Nesta reflexão, vamos tratar o assunto de forma leve, divertida e sem ofender a moralidade ou os bons costumes.
Vivemos em pleno século XXI, mas ainda há muita desinformação e erotização pejorativa quando o assunto é sexo. Isso é evidente nas letras de determinadas músicas contemporâneas, muitas das quais carregam um apelo sexista incompatível com os valores de uma cultura inclusiva, causando notória rejeição social.
Entretanto, se voltarmos aos anos 80 e 90, veremos que as expressões artísticas daquele período abordavam o sexo com um erotismo elegante. Um exemplo marcante é a canção Amor e Sexo, de Rita Lee:
“Amor é um livro
Sexo é esporte
Sexo é escolha
Amor é sorte
Amor é pensamento, teorema
Amor é novela
Sexo é cinema […]”
Essa letra, com sua abordagem clara e elegante, faz analogias entre amor e sexo de maneira direta e divertida, sem constranger. A canção explora as diferenças e convergências entre os dois temas de forma natural e respeitosa.
Para reforçar essa visão, podemos recorrer ao Cantares de Salomão, uma obra de cunho erótico que figura nos cânones bíblicos:
“O seu amor é melhor que o vinho (1.2).
Leve-me com você! Vamos depressa! Seja o meu rei e leve-me para o seu quarto (1.4).
O meu amado tem cheiro de mirra quando descansa sobre os meus seios (1.13).
A grama verde será a nossa cama; os cedros serão as vigas da nossa casa, e os pinheiros serão o telhado (1.16-17).”

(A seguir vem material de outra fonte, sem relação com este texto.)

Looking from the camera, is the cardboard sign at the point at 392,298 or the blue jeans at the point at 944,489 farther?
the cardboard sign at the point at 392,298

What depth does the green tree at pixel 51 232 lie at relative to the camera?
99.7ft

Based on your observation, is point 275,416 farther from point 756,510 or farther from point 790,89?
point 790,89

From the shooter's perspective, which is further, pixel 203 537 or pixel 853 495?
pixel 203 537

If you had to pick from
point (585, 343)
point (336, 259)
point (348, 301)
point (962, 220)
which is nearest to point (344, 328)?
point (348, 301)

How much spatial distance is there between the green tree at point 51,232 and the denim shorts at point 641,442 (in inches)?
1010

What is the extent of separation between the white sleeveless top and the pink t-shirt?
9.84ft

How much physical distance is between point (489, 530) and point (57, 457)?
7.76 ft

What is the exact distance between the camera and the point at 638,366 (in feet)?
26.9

Essas palavras foram escritas há cerca de 3.000 anos e fazem parte do “livro sagrado” judaico/cristão. Que apesar de sua conotação erótica, não chocam nem causam desconforto. Pelo contrário, são sábias palavras que mostram como o erotismo pode ser tratado com naturalidade e beleza.
Por fim, acredito que falar sobre sexo e erotismo não deveria ser algo que nos constrangesse. No entanto, é essencial observar a boa e velha etiqueta: há locais e momentos adequados para essas discussões. Assim, o tema pode ser tratado sem se tornar um tabu impenetrável, mas como algo natural, que pode e deve ser abordado com leveza e respeito.